1965年の夏、東京正生学院でたくさんのどもる人と出会い、悩んでいたのは私ひとりではなかったとまずほっとしました。人に話をし、聞いてくれる仲間のありがたさを体験した私は、東京正生学院を退所して、またひとりぼっちになりたくないと、そこで出会った人たちと、どもる人のセルフヘルプグループ言友会を、1965年秋に創立しました。そのグループの体験の中で、私はたくさんのことを経験し、たくさんのことを学びました。全国言友会連絡協議会の会長を長く続けましたが、事情があって、言友会から離脱し、大阪と神戸のグループが中心になって、日本吃音臨床研究会を設立しました。

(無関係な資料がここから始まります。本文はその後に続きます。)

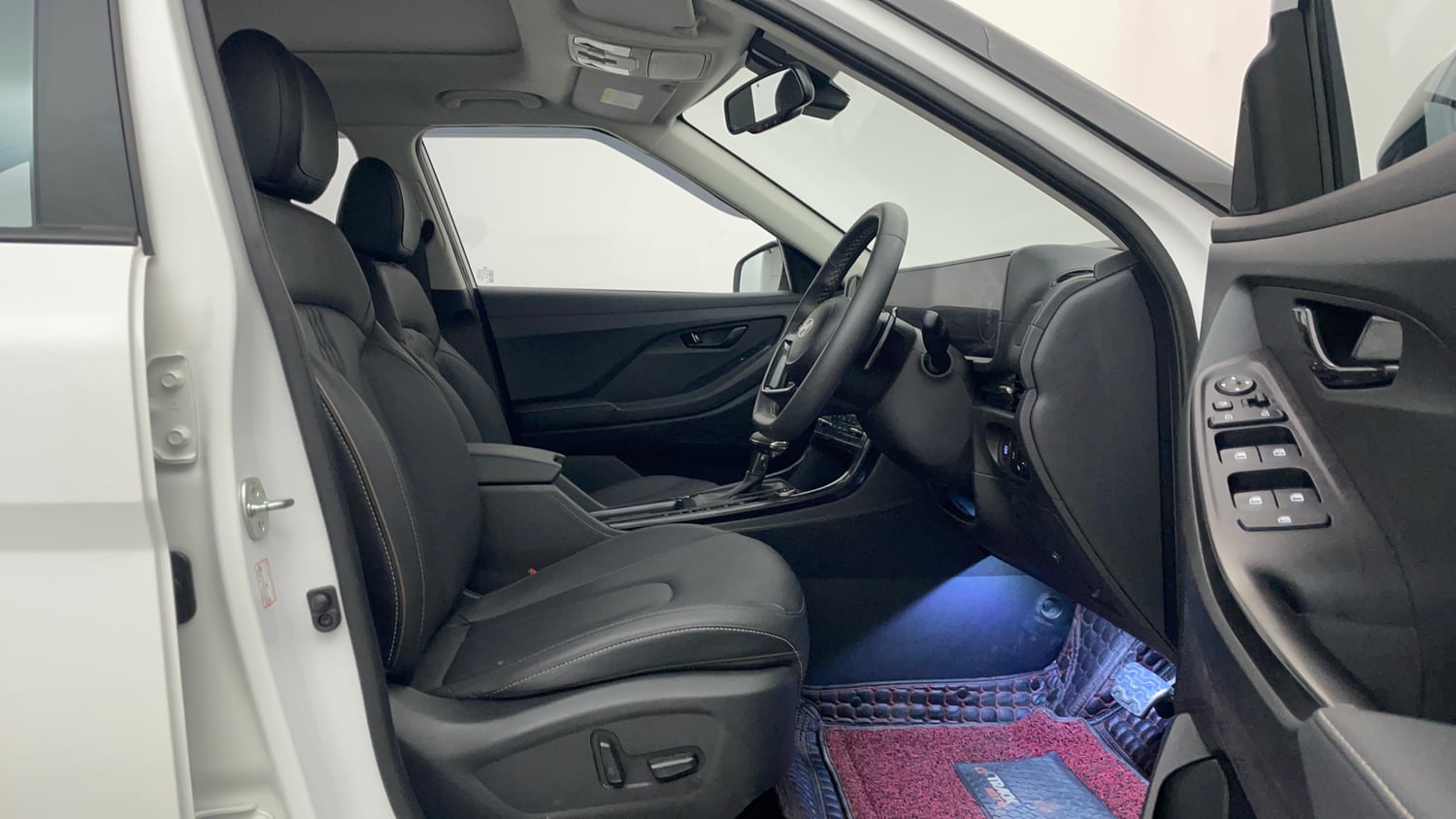 Used 2024 Hyundai Creta SX (O) 1.5 Petrol IVT Knight Petrol Automatic interior RIGHT SIDE FRONT DOOR CABIN VIEW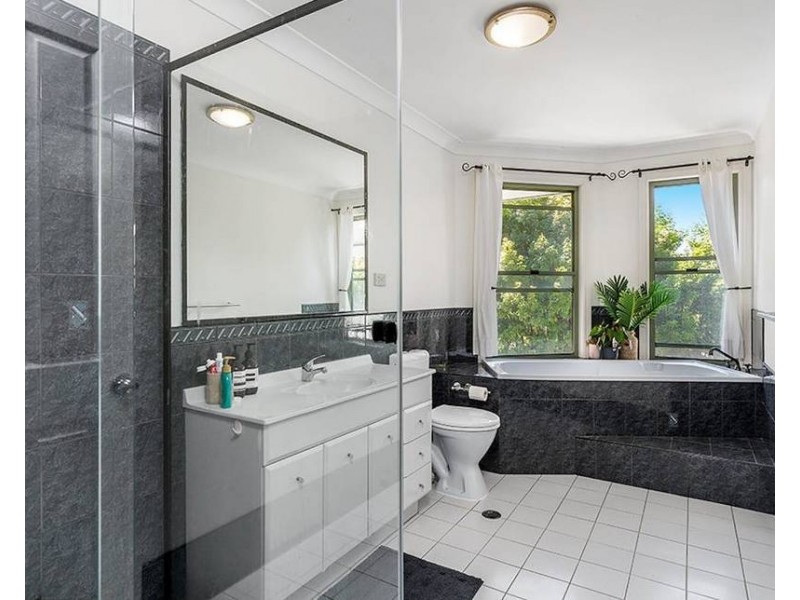 2 Pecan Court, Suffolk Park NSW 2481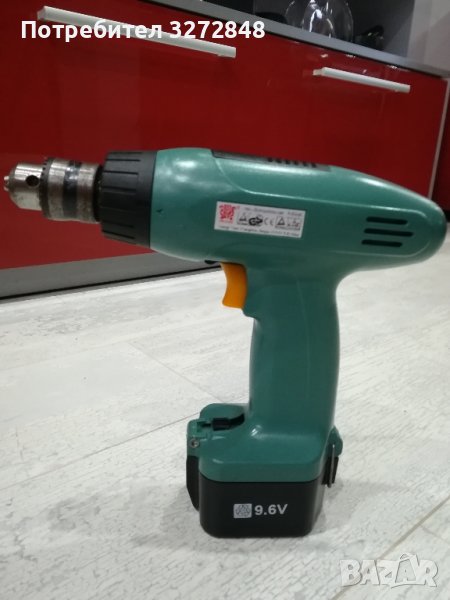Акомулаторна бормашина/винтоверт 9,6V, снимка 1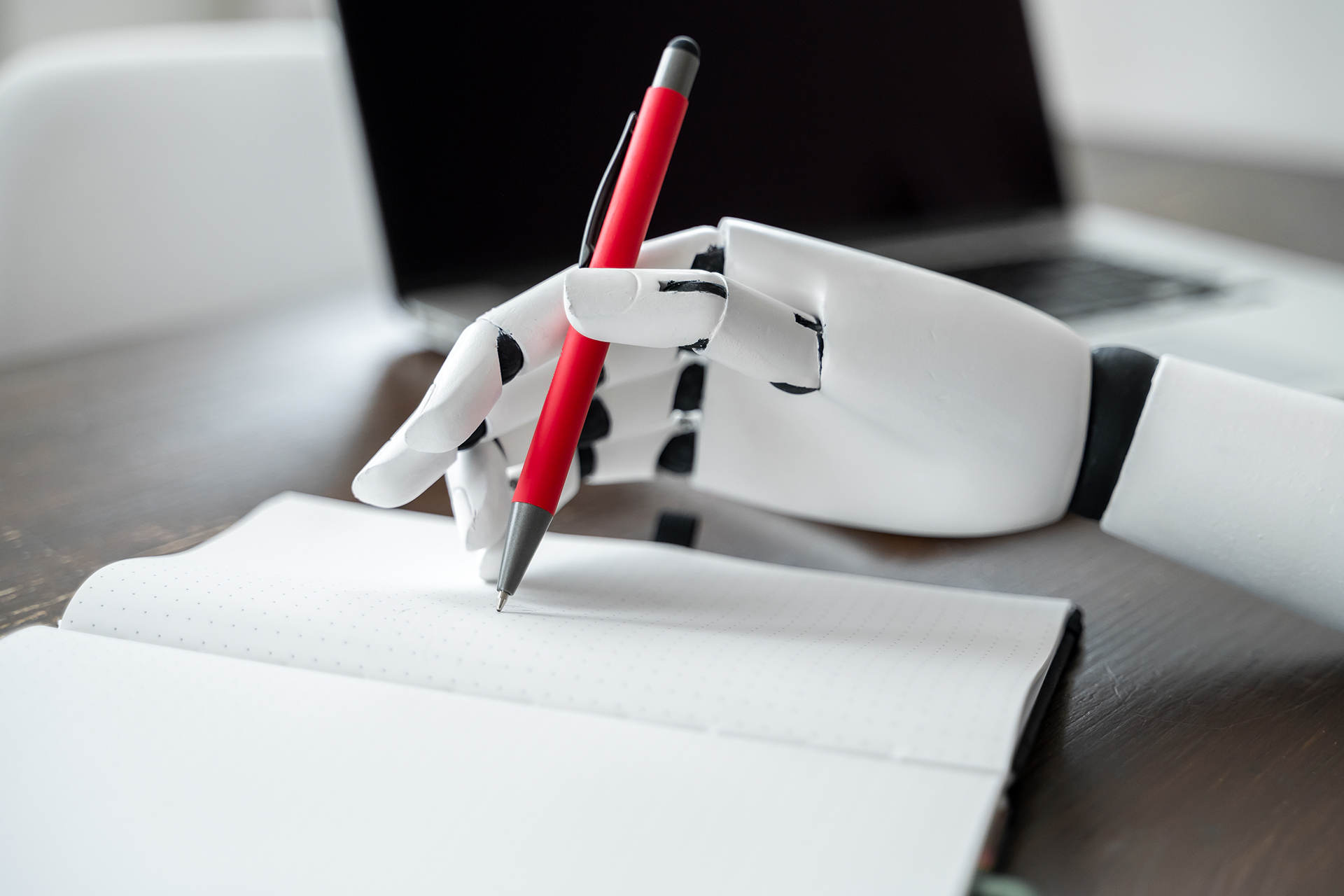 حين تكتب الآلة.. الذكاء الاصطناعي يهدد صناعة الرواية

現在、セルフヘルプグループとしては、NPO法人大阪スタタリングプロジェクト(大阪吃音教室)で活動を続けています。さらに、セルフヘルプグループを支援する大阪セルフヘルプ支援センターの発会式から参加し、幅広くセルフヘルプグループについて学び、考え、実践してきました。このコーナーでは、私の体験を踏まえつつ、広くセルフヘルプグループ全般について考えることにします。